In the morning, Aziz races along the blacktop of the Kabul–Jalalabad road as if nothing else matters but the sheer joy of driving on clean pavement. The novelty of this newly repaired road has caused nearly as many deaths as have insurgent attacks. Afghans drive without caution. Any smooth surface beneath their wheels is an autobahn freeway intended for unrestrained speed. Pass on a curve into oncoming traffic? Why not? Squeeze a car off the road to get around them? Inshallah, we will make it. The wrecks of lost gambles lie crumpled in rocky gorges five hundred feet below, littered with scraps of snagged clothing and bleached bones.

Afghanistan is a beautiful, rugged country—like the American Southwest with mountains the size of the Rockies. Barefaced cliffs trickling with waterfalls tower into the sky, a white haze of scorching sun. There are rivers churning only a few feet away. Boys on inflated trash bags ride the bucking waves. It would be easy to think war no longer exists here. But my mind keeps running over the 3,700 people killed in 2006, the insurgency, the roadside bombs, the kidnappings.

We pass through Sarobi and the last military checkpoint before Jalalabad, and then approach Laghman Province, a Taliban stronghold. Mud-brick compounds shrink from the road behind a line of trees and the rock-strewn bed of a dried stream. Creepy. I don’t see a single person. Aziz drums the steering wheel with his fingers and mutters a quick prayer.

Next we enter the ghost town of Sarakhan, where until recently the Taliban had staged attacks against government forces. To halt the attacks, the Afghan National Army evicted everyone from the village. A few worn blankets hang in the windows of vacant houses and mongrel dogs lounge in fire pits that haven’t been lit for months. I notice a crooked line of rocks in the middle of the road. I look up at the mountains to see where they might have fallen. Aziz looks too and then back at the road.

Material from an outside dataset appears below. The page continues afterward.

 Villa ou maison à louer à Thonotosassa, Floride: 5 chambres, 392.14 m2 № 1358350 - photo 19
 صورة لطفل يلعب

Without warning and accompanied by an ear-wrenching grinding of gears, Aziz rips the stick shift into reverse. My head snaps forward and back. He swerves around a bus looming large in the rearview mirror and a truck beeping wildly as we nearly ram into it. Then he stops. The car idles hotly. I hold the back of my neck. “Jesus, Aziz!”

“I am back driving. The Taliban blocked the road!”

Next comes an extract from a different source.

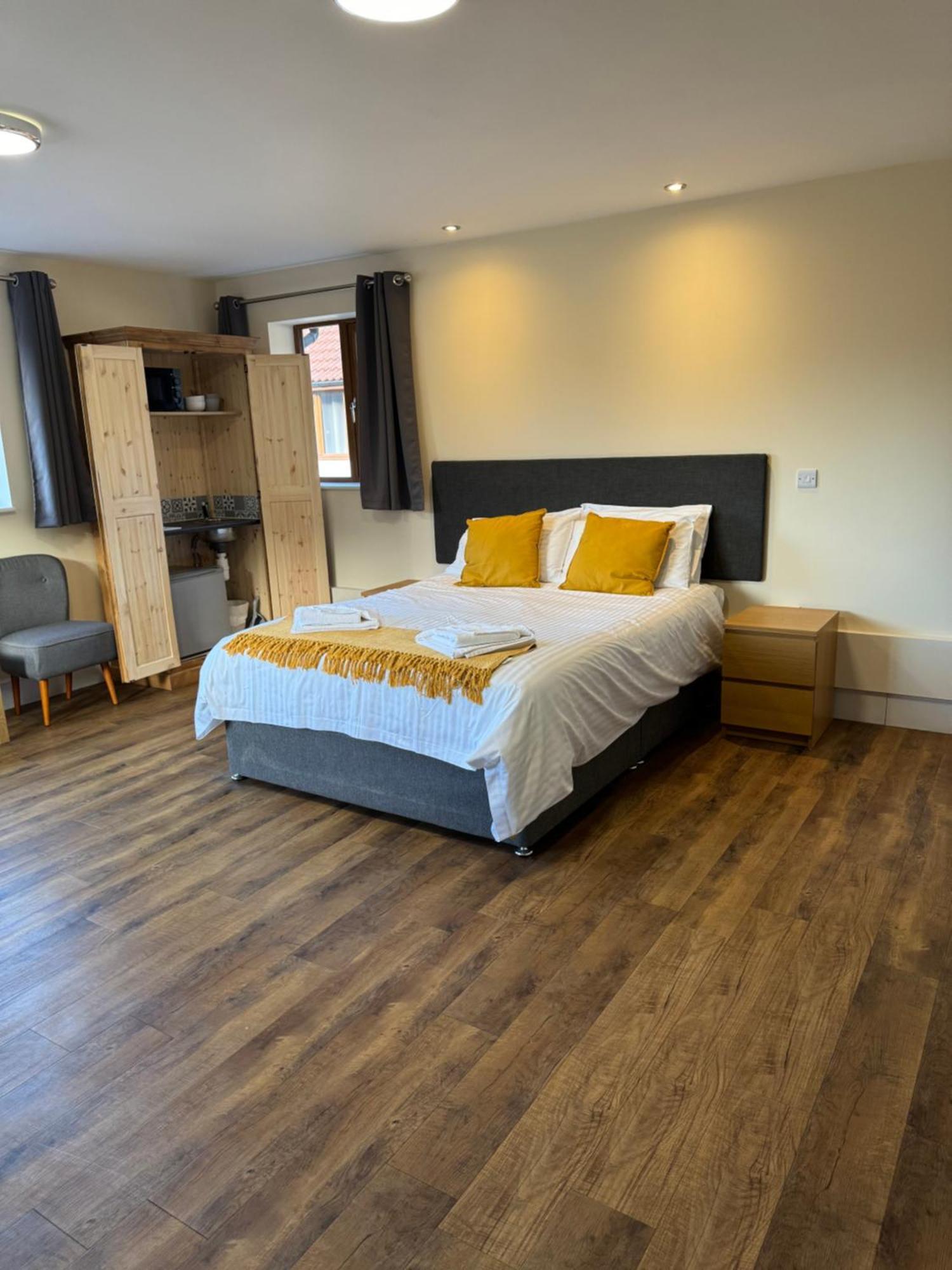 Lillypool Farm Hotell Shipham Exteriör bild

The truck we nearly hit drives around the rocks, as did the bus. We wait. Soon I see them round a curve passing a horse-drawn cart loaded with firewood. No gunfire. No explosions. No snipers.

“It’s okay. Just some rocks off the mountain.”

“Yes, I think so, too,” he concedes. “But if we smell a problem, we go?”

“Yeah, man,” I agree, “but chill on the back driving.”

Woman and Children
A burqa-clad woman begs for money to feed her children in downtown Kabul.

Blind landowner Qari Mohammed Shah sprawls on a cot under emaciated trees. The cot sags under the weight of his considerable bulk. Two naked infants sleep on flattened cardboard at his feet. He spits without moving and wipes sweat from his balding pate while two boys stand behind him and wave scarves to cool his neck. He sighs the bitter breath of seventy years and tosses nuts into his mouth, rolling them off long, yellow fingernails. The farmers who rent his land sit with their families on the ground around him, passing a plate of watermelon. They examine my picture of Mr. Bakshish, shake their heads, and describe him to Shah, who listens, staring blankly into the sky. Like the others, he knows nothing about the boy and spits again with decorous precision.

“I have enough boys to worry about,” he says and sweeps his hand toward the noise of the children. His toothless mouth collapses into each word he utters. He tips his head back for another handful of nuts, air from the fanning scarves cooling his neck. “Who is this boy?”

“Someone I helped.”

“Help these boys here. How will they eat now that the destroying people have killed the poppy?”

I pocket the picture of Mr. Bakshish and look at the vast shorn fields around me rustled by a hot breeze. Last year’s bumper crop of poppies, from which opium and heroin are made, was grown in twenty-eight of Afghanistan’s thirty-two provinces. The crop yielded more than $3 billion for drug traffickers and farmers, more than 90 percent of the world’s heroin. A farmer can earn between $600 and $1,000 for every two pounds of opium, compared with one dollar for the same amount of rice or wheat.

Soldiers guarding the Jalalabad governor’s office admitted to me that they rarely interfere with poppy farmers. Narcotics officers, they said, only destroy a few acres now and then to pacify the government and the demands of the West. This year, it was Qari Mohammed Shah’s unwitting turn to participate in the crackdown charade. In May, government agents destroyed ten acres of his poppy crop. He now owes $2,000 to the drug trafficker who advanced him poppy seeds. Shah will have to sell some of his land to pay his debt.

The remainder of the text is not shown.